SOURCE DATA:
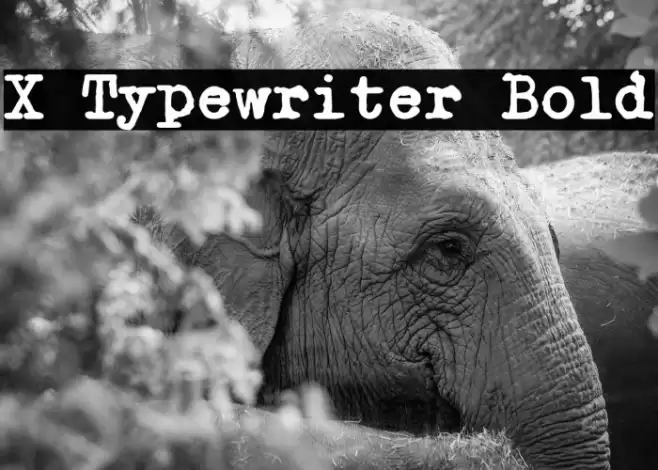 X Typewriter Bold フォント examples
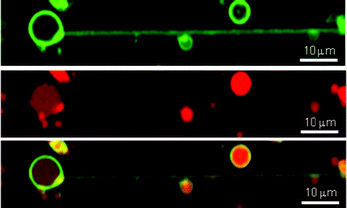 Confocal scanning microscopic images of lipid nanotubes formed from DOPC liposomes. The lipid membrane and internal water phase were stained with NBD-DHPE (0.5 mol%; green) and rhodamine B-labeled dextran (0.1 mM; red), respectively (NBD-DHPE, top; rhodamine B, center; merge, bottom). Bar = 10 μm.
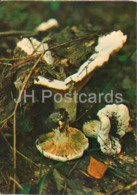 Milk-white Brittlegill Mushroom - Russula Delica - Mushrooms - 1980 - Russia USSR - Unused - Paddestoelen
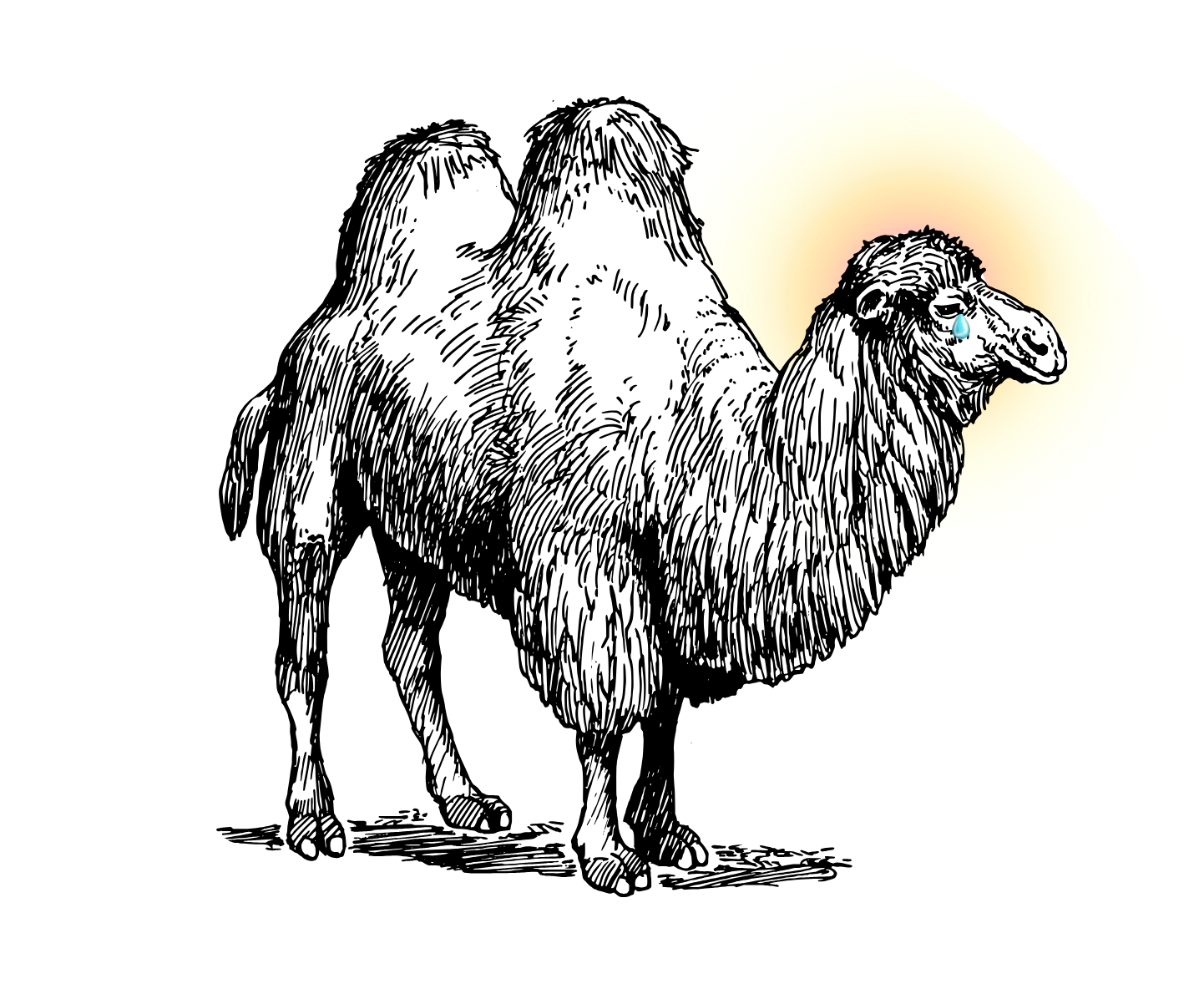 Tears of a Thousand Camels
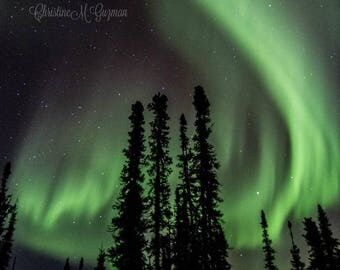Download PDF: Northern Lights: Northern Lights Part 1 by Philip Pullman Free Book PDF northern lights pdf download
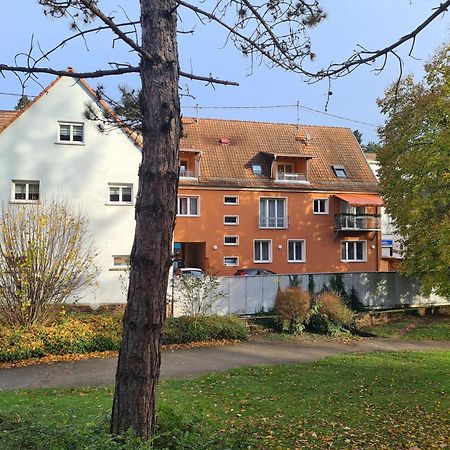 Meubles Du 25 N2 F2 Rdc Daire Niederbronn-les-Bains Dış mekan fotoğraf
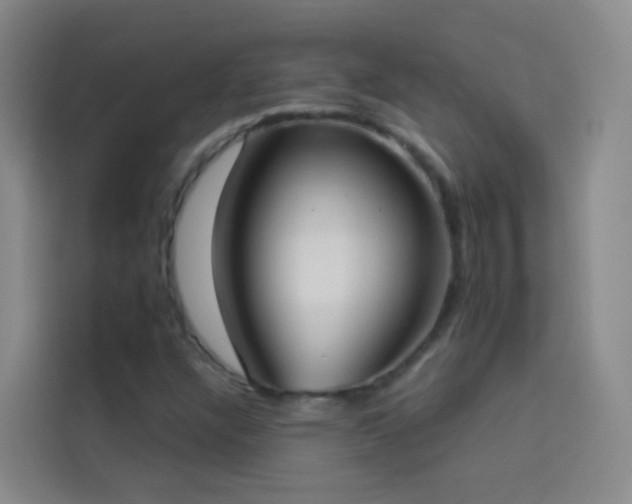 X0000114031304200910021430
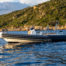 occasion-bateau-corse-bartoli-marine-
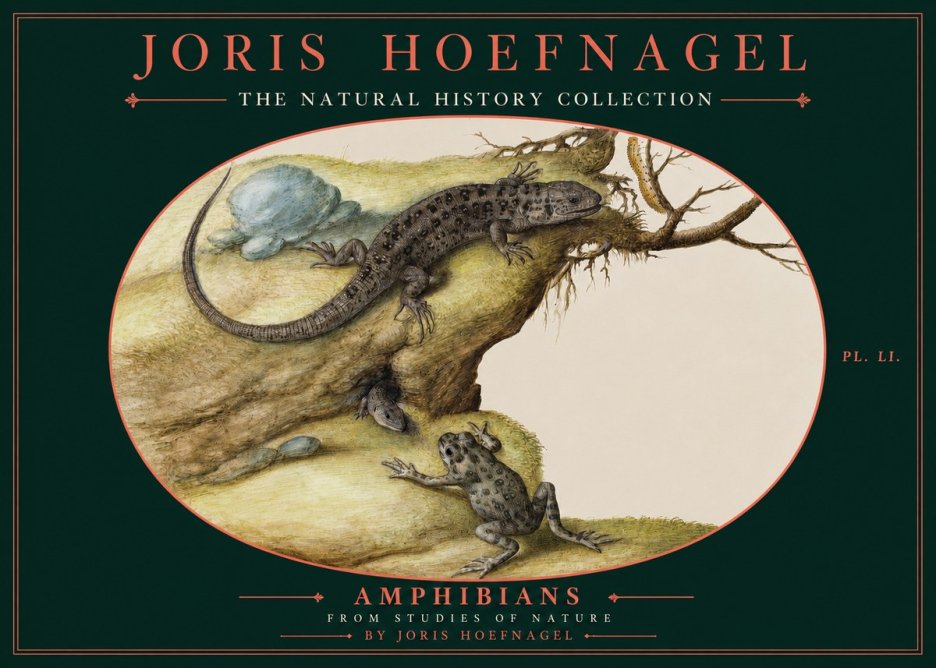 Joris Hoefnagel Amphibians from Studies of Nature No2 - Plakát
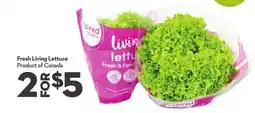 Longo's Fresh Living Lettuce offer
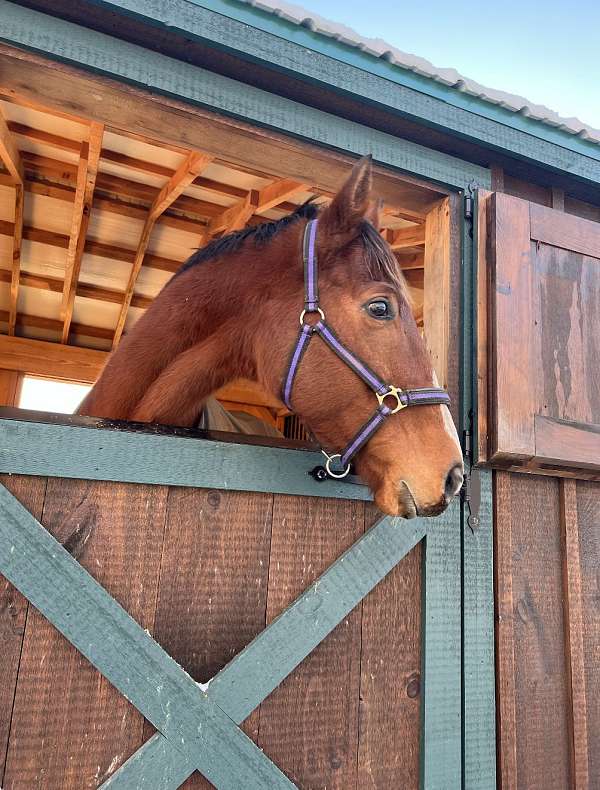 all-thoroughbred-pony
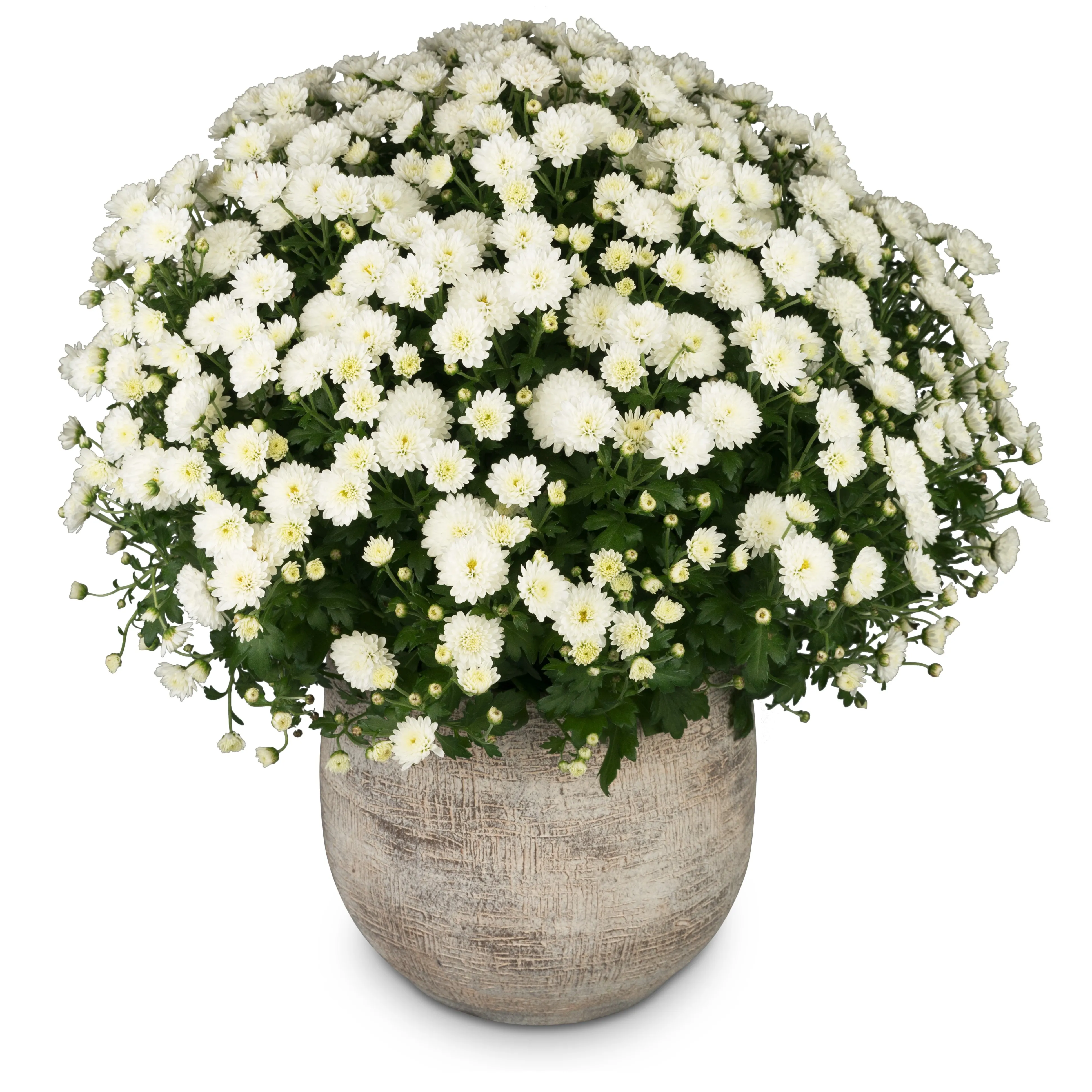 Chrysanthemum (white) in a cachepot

YOUR INSTRUCTIONS: Leave every picture out and write out exactly the lines from the line with "all-thoroughbred-pony" through the last line of the material.

WRITTEN ANSWER:
 all-thoroughbred-pony
 Chrysanthemum (white) in a cachepot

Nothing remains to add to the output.